L2/00-371

Kenneth Whistler <kenw@sybase.com> on 10/19/2000 03:04:43 PM
Re: UTC action on malformed/illegal UTF-8 sequences?


Ed,

First of all, I don't think this discussion should be cc'd to unicore, x3l2
*and*
the unicode list. You are discussing the specifics of a (possible) proposed
change to the Unicode Standard, and the best forum for that is unicore.

Regarding the specifics you are concerned about, I am becoming convinced
that the security community has decided this is a security problem in
UTF-8. I'm not convinced myself, yet, but in this area, the perception
of a problem *is* a problem.

The main issue I see is in the note to D32, which seems to imply that,
contrary to the statements elsewhere, irregular UTF-8 sequences *are*
o.k., and can in fact be interpreted.

I think we need to clean up the note to D32, and the text at the end of
section 3.8. The statements involving "shall" at the end of section 3.8,
with clear implications for conformance, should be upgraded to explicit
numbered conformance clauses under Transformations in Section 3.1. In
particular, those requirements are:

"When converting a Unicode scalar value to UTF-8, the shortest form
that can represent those values shall be used."

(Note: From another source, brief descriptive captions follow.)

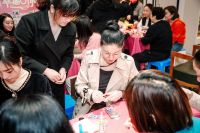 点亮美好生活 全友2022 “甜蜜友约·幸福U你”主题服务活动正式启航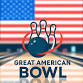 JBC Great American Bowl #2, JBC Nitro Series Event event image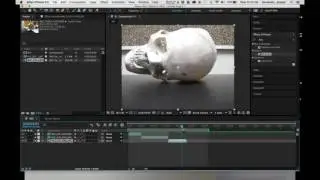 After Effects for Stop Animation Intro 2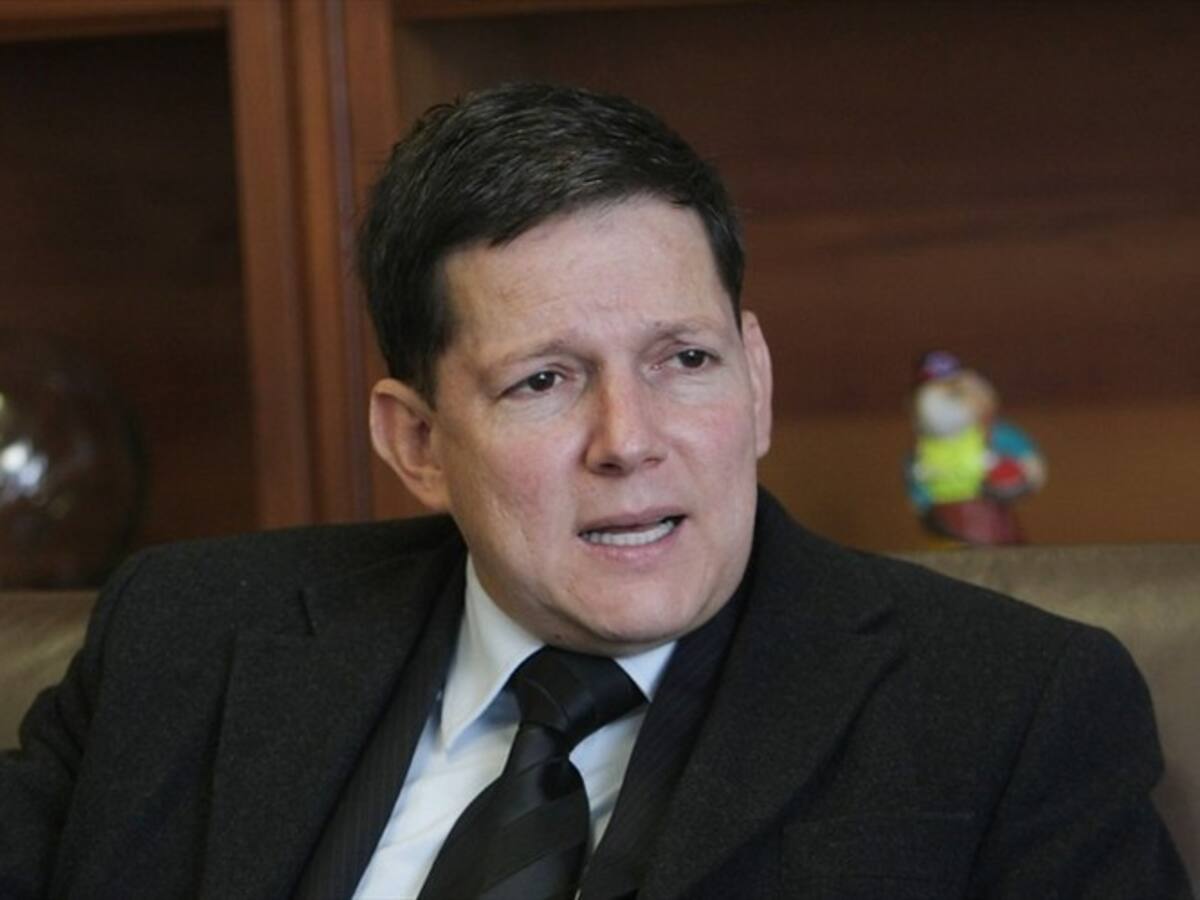 No se devolverá investidura a congresistas que la perdieron, dice Minjusticia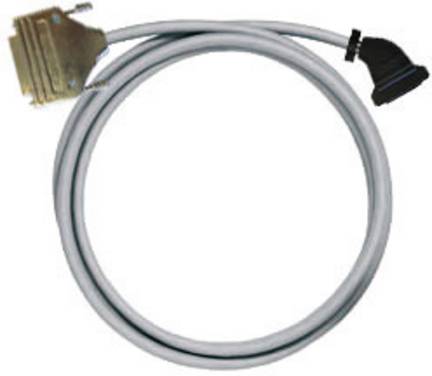 Weidmüller 7789641030 PAC-ABS8-HE20-V0-3M PLC-forbindelsesledning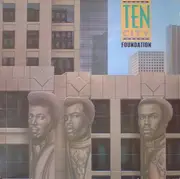 LP - Ten City - Foundation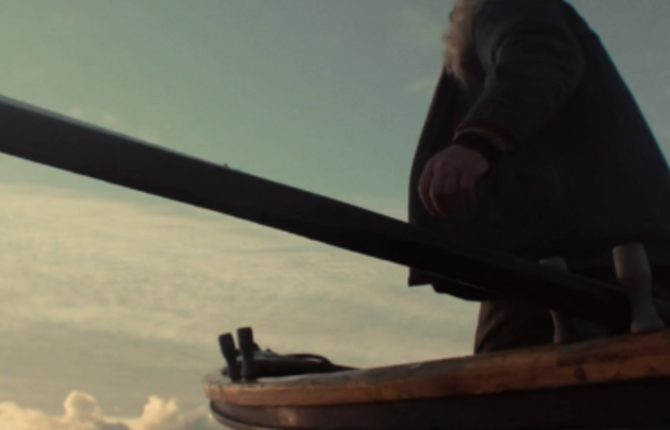 Bon Iver – Towers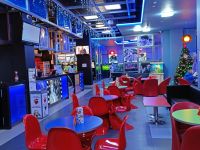 Кинотеатр «Волга-Волга»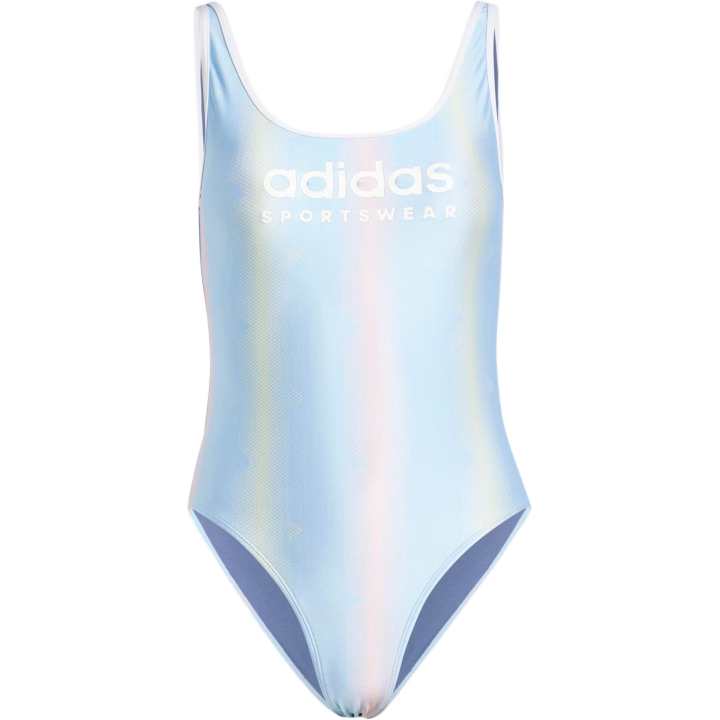 Adidas Adidas One piece Swimsuit Women's Glow Blue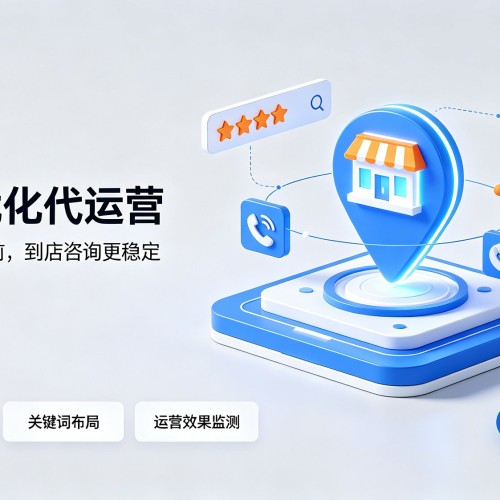云浮GEO优化
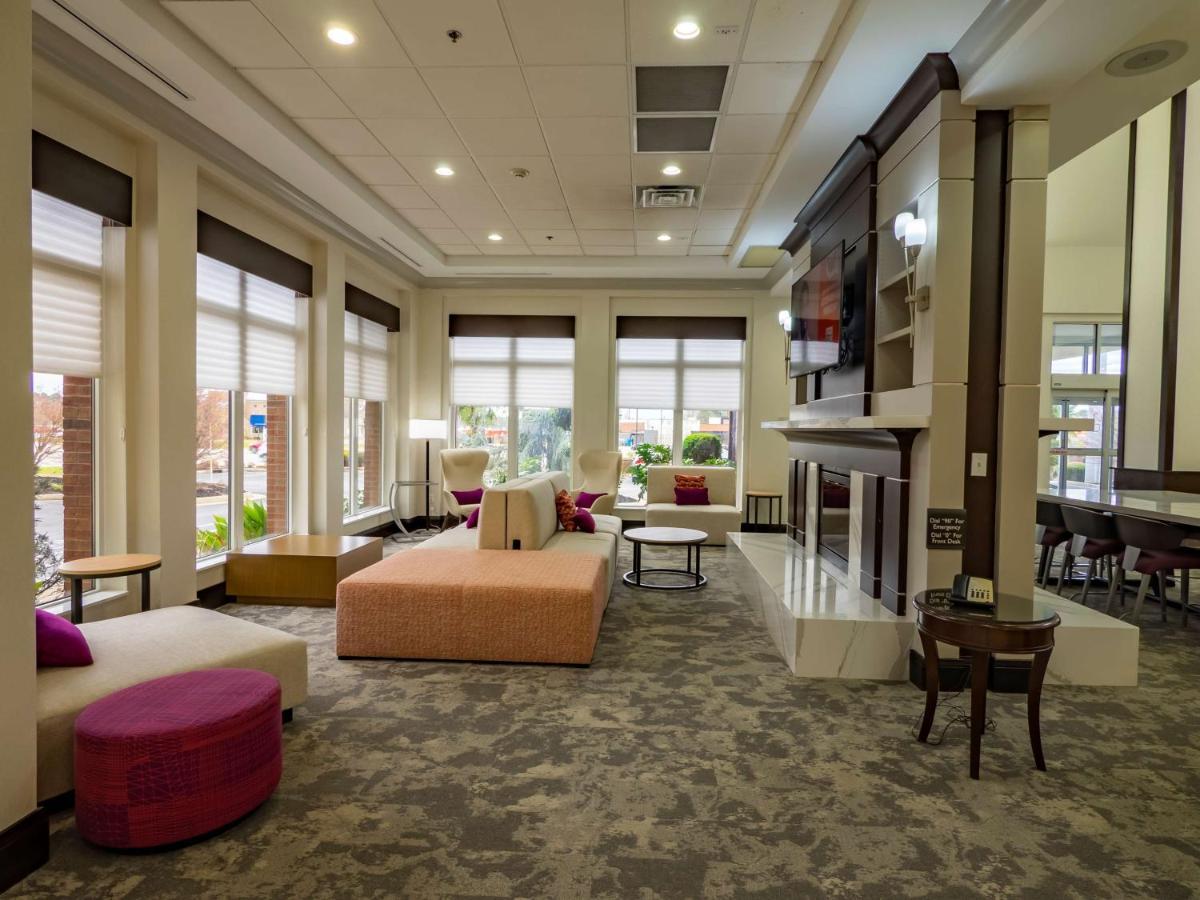 Hilton Garden Inn Atlanta South-Mcdonough Ngoại thất bức ảnh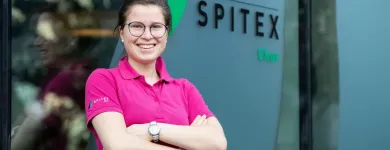 Immagine 3 azienda SPITEX CHUR Ärzte in Chur GR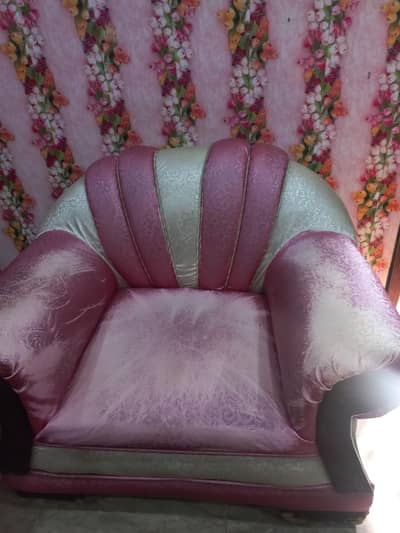 3 Seater Used Sofa for sale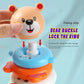 Montessori Rotating Rainbow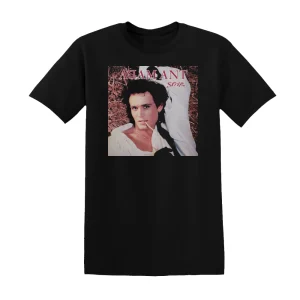 Adam Ant - Strip Album Cover T-Shirt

"Irregular UTF-8 sequences shall not be used for encoding any other
information."

These really belong as explicit conformance clauses (i.e. C12a, C12b),
reworded appropriately.

Then all the hedging in D32 and at the end of Section 3.8 about well,
maybe you can interpret the non-shortest UTF-8 anyway should be
recast along these lines:

The Unicode Standard does not *require* a conformant process
interpreting UTF-8 to *detect* that an irregular code value sequence
has been used. [[ Fill in here, blah, blah, blah, about how more
efficient conversion algorithms can be written for UTF-8 if they
don't have to special-case non-shortest, irregular sequence UTF-8...]]
However, the Unicode Standard does *recommend* that any process
concerned about security issues detect and flag (by raising exceptions
or other appropriate means) any irregular code value sequence.
This recommendation is to help minimize the risk that a security
attack could be mounted by utilizing information stored in
irregular UTF-8 sequences undetected by an interpreting process.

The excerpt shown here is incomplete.